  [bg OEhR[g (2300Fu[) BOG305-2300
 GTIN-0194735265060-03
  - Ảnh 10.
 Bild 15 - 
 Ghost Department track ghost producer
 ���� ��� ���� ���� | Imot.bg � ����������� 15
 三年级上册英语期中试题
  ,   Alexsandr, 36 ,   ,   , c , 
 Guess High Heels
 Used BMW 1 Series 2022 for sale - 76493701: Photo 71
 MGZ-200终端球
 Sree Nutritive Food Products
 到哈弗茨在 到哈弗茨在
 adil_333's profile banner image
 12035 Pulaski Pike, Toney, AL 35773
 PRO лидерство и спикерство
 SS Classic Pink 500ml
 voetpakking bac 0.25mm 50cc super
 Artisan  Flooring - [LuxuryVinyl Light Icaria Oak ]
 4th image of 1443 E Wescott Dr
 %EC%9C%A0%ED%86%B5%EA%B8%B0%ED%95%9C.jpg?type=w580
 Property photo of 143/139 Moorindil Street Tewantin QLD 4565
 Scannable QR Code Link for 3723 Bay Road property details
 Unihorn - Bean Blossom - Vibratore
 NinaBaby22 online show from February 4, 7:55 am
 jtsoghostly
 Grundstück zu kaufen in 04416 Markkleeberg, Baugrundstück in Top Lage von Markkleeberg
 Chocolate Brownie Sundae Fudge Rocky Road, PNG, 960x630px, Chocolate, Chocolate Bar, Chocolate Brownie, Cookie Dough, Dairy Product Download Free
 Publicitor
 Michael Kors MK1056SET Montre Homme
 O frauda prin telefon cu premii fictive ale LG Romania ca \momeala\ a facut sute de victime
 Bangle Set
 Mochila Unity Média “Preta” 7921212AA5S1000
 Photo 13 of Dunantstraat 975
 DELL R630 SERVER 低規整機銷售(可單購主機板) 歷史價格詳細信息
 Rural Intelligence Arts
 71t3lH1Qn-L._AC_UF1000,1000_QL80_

==========

Your objective | The full set of records above must be retyped exactly.

Task answer |
  [bg OEhR[g (2300Fu[) BOG305-2300
 GTIN-0194735265060-03
  - Ảnh 10.
 Bild 15 - 
 Ghost Department track ghost producer
 ���� ��� ���� ���� | Imot.bg � ����������� 15
 三年级上册英语期中试题
  ,   Alexsandr, 36 ,   ,   , c , 
 Guess High Heels
 Used BMW 1 Series 2022 for sale - 76493701: Photo 71
 MGZ-200终端球
 Sree Nutritive Food Products
 到哈弗茨在 到哈弗茨在
 adil_333's profile banner image
 12035 Pulaski Pike, Toney, AL 35773
 PRO лидерство и спикерство
 SS Classic Pink 500ml
 voetpakking bac 0.25mm 50cc super
 Artisan  Flooring - [LuxuryVinyl Light Icaria Oak ]
 4th image of 1443 E Wescott Dr
 %EC%9C%A0%ED%86%B5%EA%B8%B0%ED%95%9C.jpg?type=w580
 Property photo of 143/139 Moorindil Street Tewantin QLD 4565
 Scannable QR Code Link for 3723 Bay Road property details
 Unihorn - Bean Blossom - Vibratore
 NinaBaby22 online show from February 4, 7:55 am
 jtsoghostly
 Grundstück zu kaufen in 04416 Markkleeberg, Baugrundstück in Top Lage von Markkleeberg
 Chocolate Brownie Sundae Fudge Rocky Road, PNG, 960x630px, Chocolate, Chocolate Bar, Chocolate Brownie, Cookie Dough, Dairy Product Download Free
 Publicitor
 Michael Kors MK1056SET Montre Homme
 O frauda prin telefon cu premii fictive ale LG Romania ca \momeala\ a facut sute de victime
 Bangle Set
 Mochila Unity Média “Preta” 7921212AA5S1000
 Photo 13 of Dunantstraat 975
 DELL R630 SERVER 低規整機銷售(可單購主機板) 歷史價格詳細信息
 Rural Intelligence Arts
 71t3lH1Qn-L._AC_UF1000,1000_QL80_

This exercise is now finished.